Information provided Block Start

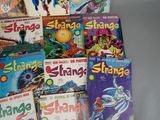 a lot of comic books that are on the table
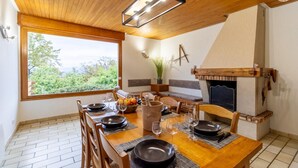 Un coin repas avec une table en bois dressée pour six personnes, une cheminée et une grande fenêtre donnant sur un paysage verdoyant.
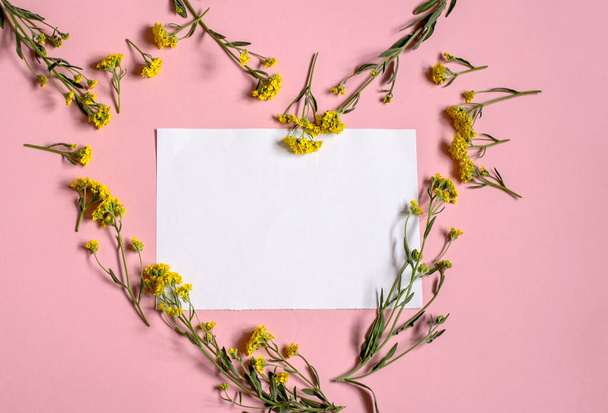 Λευκό σεντόνι σε ροζ φόντο. Ένα κομμάτι λευκό χαρτί σε ένα πλαίσιο από λουλούδια. Λουλούδια με τη μορφή καρδιάς. - Φωτογραφία, εικόνα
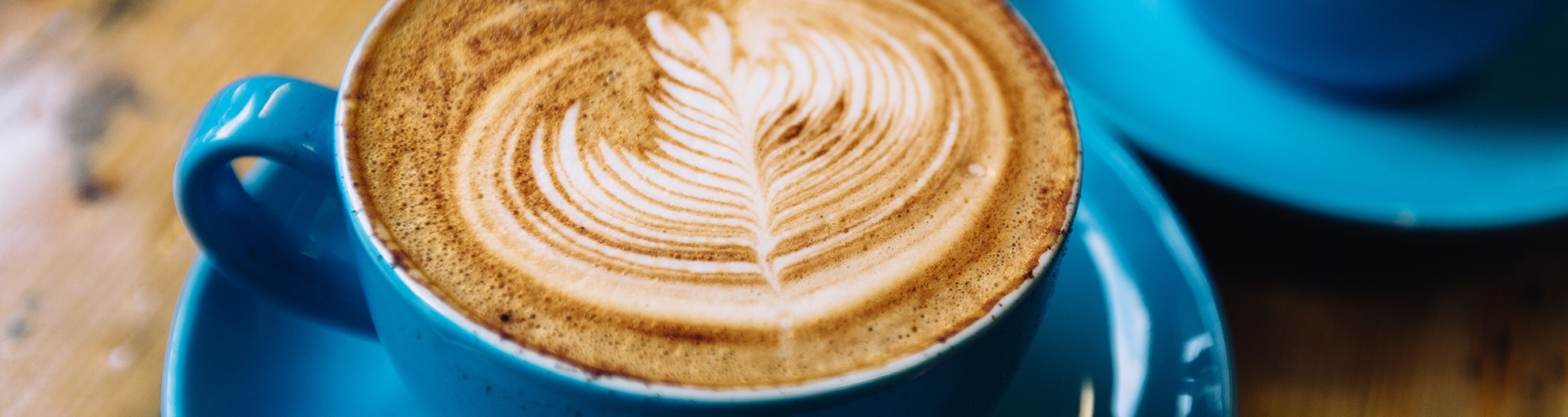 Two Lattes in Blue Coffee Mugs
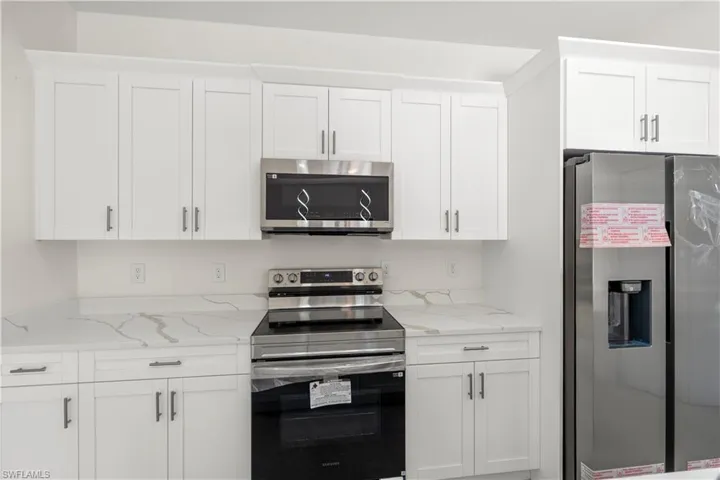 Kitchen featuring stainless steel appliances, white cabinets, and light stone counters
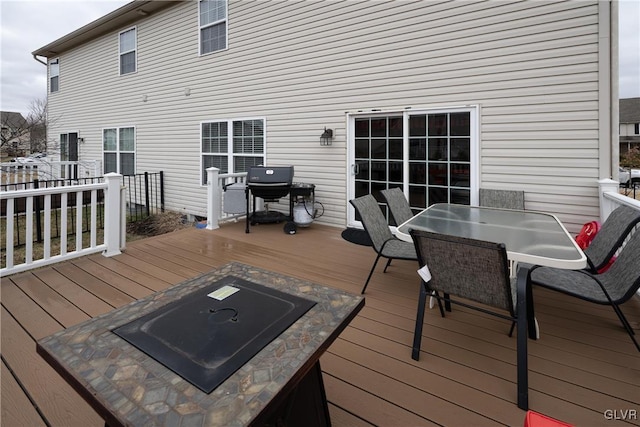 wooden terrace with outdoor dining space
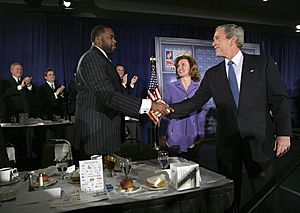 President George W. Bush greets Detroit Mayor Kwame Kilpatrick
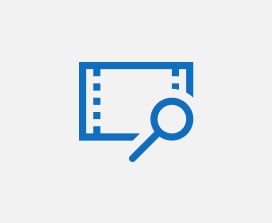 Illustration of a search icon on top of a video reel icon.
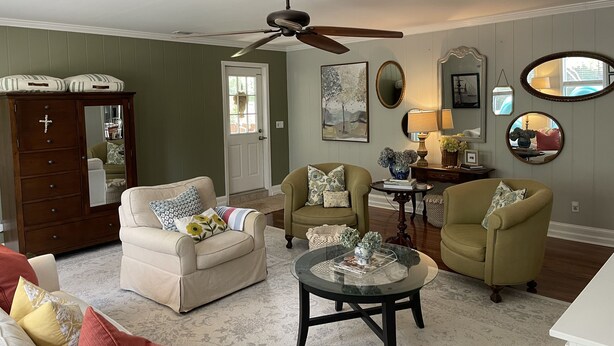 Un salon avec un canapé beige, deux fauteuils, une table basse, un meuble en bois, un ventilateur de plafond et une porte avec une fenêtre.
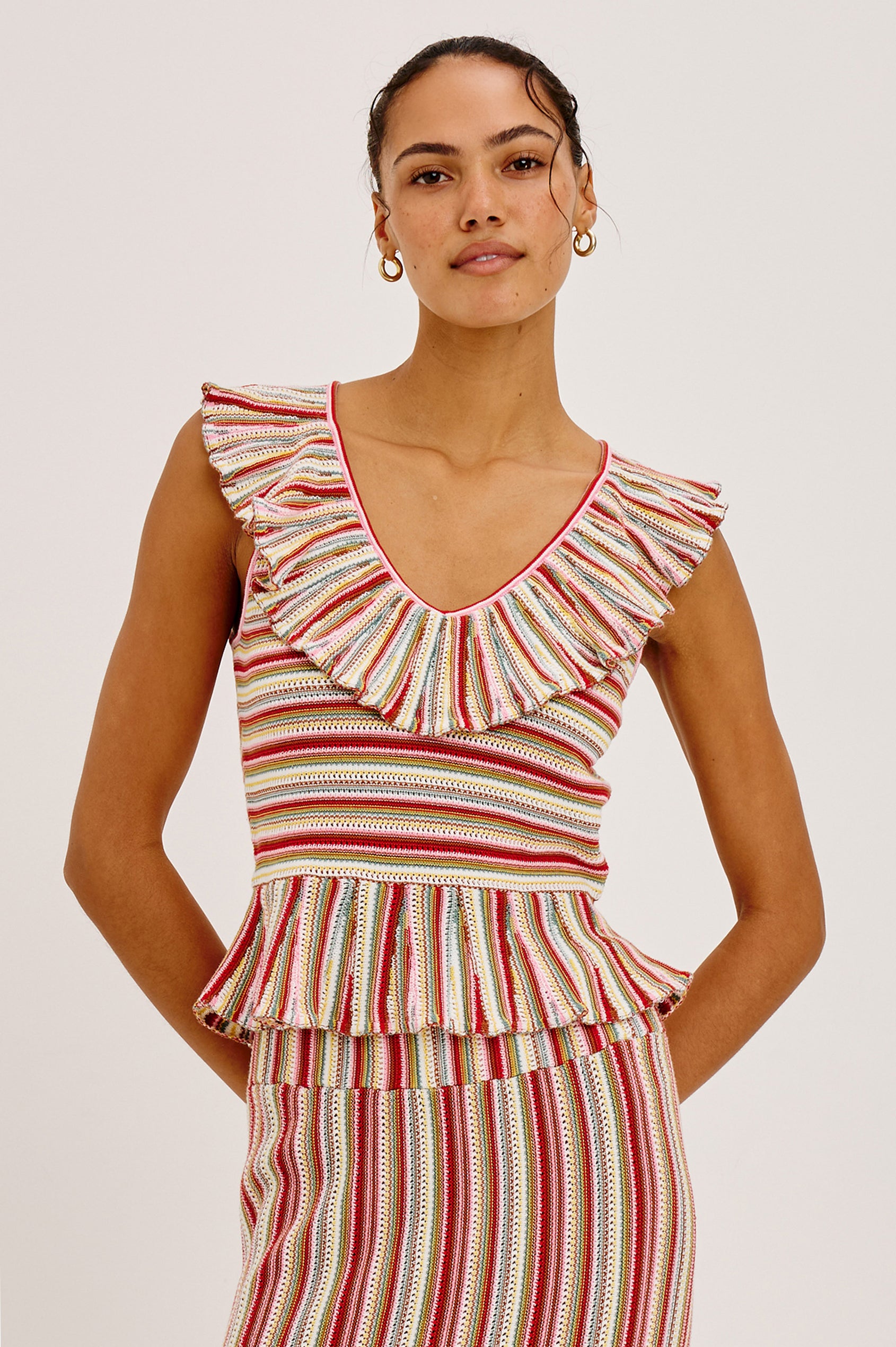 Carmelita Crop Top in Crochet Knit With Ruffle V-Neckline, Fitted Bodice, and Peplum Hem in Havana Stripe Colorway - Upper Body Front View Featured on Model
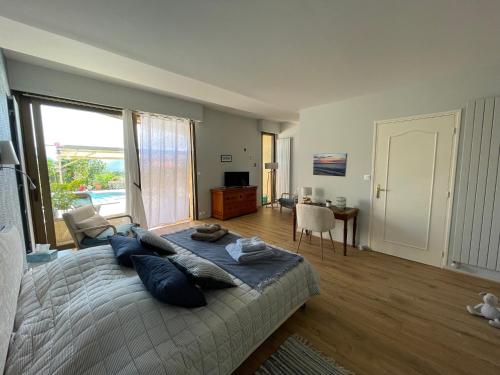 a bedroom with a large bed with blue pillows at Jardin des Chats in Sévignacq-Meyracq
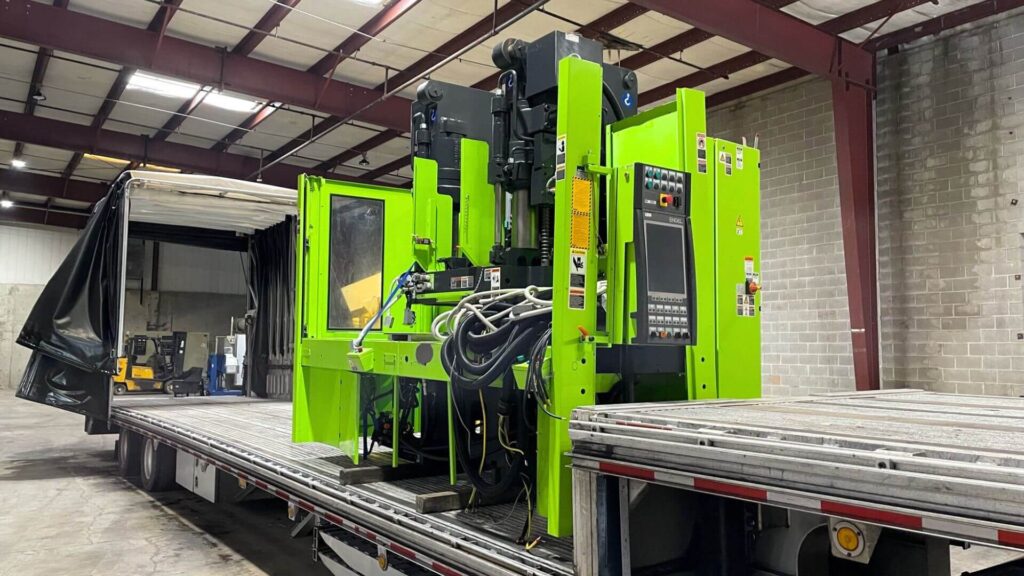 Green injection molding machine Conestoga stepdeck transport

Information provided Block End

■ Assignment
Print out every record above exactly as given. Do not include the pictures.

■ Exercise response
 a lot of comic books that are on the table
 Un coin repas avec une table en bois dressée pour six personnes, une cheminée et une grande fenêtre donnant sur un paysage verdoyant.
 Λευκό σεντόνι σε ροζ φόντο. Ένα κομμάτι λευκό χαρτί σε ένα πλαίσιο από λουλούδια. Λουλούδια με τη μορφή καρδιάς. - Φωτογραφία, εικόνα
 Two Lattes in Blue Coffee Mugs
 Kitchen featuring stainless steel appliances, white cabinets, and light stone counters
 wooden terrace with outdoor dining space
 President George W. Bush greets Detroit Mayor Kwame Kilpatrick
 Illustration of a search icon on top of a video reel icon.
 Un salon avec un canapé beige, deux fauteuils, une table basse, un meuble en bois, un ventilateur de plafond et une porte avec une fenêtre.
 Carmelita Crop Top in Crochet Knit With Ruffle V-Neckline, Fitted Bodice, and Peplum Hem in Havana Stripe Colorway - Upper Body Front View Featured on Model
 a bedroom with a large bed with blue pillows at Jardin des Chats in Sévignacq-Meyracq
 Green injection molding machine Conestoga stepdeck transport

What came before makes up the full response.